Once we were seated, Allison again confided she didn't feel like she belonged there. She loved the place, wanted to be there, but explained she couldn't escape the idea that someone was going to come ask us to leave at any moment. Jake continued to keep his cool, but did admit he was wearing the first jacket he ever owned that didn't come with matching pants. I chuckled because I bought my first odd coat just two years ago, and being much older than him, he wins by at least two years. I acted like I belonged, which is amusing, at least to me — I was the only one who didn't really belong.
You see, they actually asked Jake for his card when we were seated. He had the card. A real one — with his picture on it. Jake is in fact a member of the Harvard Faculty Club. Card carrying. Bona fide. Legit. We were sitting at the table of the Harvard Faculty Club, them as members and me as their guest, but they didn't quite feel it. Not yet at least.
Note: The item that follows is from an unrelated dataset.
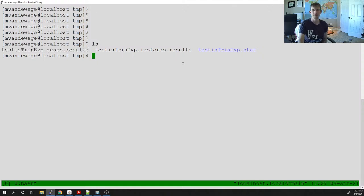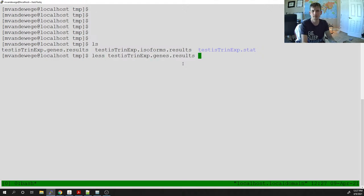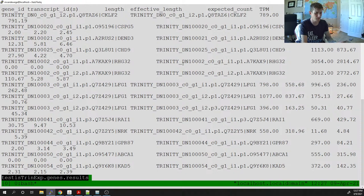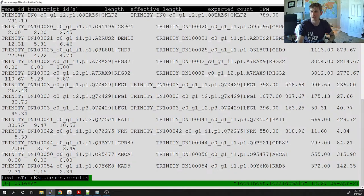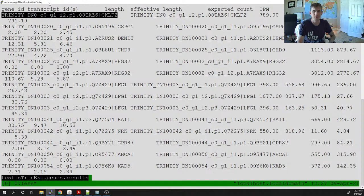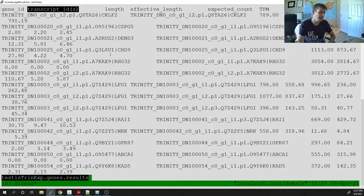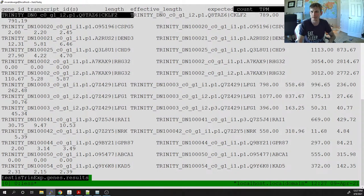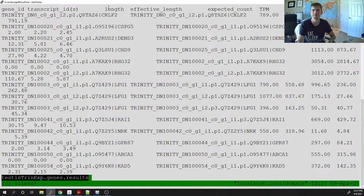The only file I really care about is the gene results file — the most important one. This is a tab-delimited output file, not comma-delimited. The first column is the gene ID, which is the gene or transcript ID. There's also a transcript ID column — a bit redundant, same name twice. Then we have the length — the length of the gene.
I know that feeling; have felt it for most of my life.
I would feel it when I would get sent out to the farm as a kid, when I visited family in Wyoming, or when I was in priest quorum. I felt it the first year I tried out for football and then when I went away to college. I didn't think I belonged when I climbed into a boxing ring, nor when I sat in a class at Penn. I know that feeling of not belonging, of feeling like a fake. It never really matters if you are carrying the card or not, you just feel it.
There are a couple ways to fix this. First is learning to get over that feeling, or at least learning to ignore it. I decided some time ago, after countless rude rejections that things could get no worse — I might as well show up and assume if I don't belong someone will ask me to leave. That theory has, for the most part, held true. I assume I belong everywhere unless told otherwise.
Operating in this way has helped me gain entry to many interesting and fantastic places, but I must admit it has rarely if ever led to a lasting membership in anything or feeling of belonging. Boldness and belonging are not quite the same. I’m sure one can lead to another, but it amounts to taking the long way.
Second is the value of a friend. Most of us need a friend or a guide, and more often, could be one.
On a plane back to my own city, my own school, and my ward, I thought of all the realms where my belonging was without question: my job, my kid’s school and my church. I see all sorts of people in all those places. Normally I go about my business and assume they are doing the same.
Perhaps some of them are wearing their first odd jacket or waiting for someone to come and ask them to leave.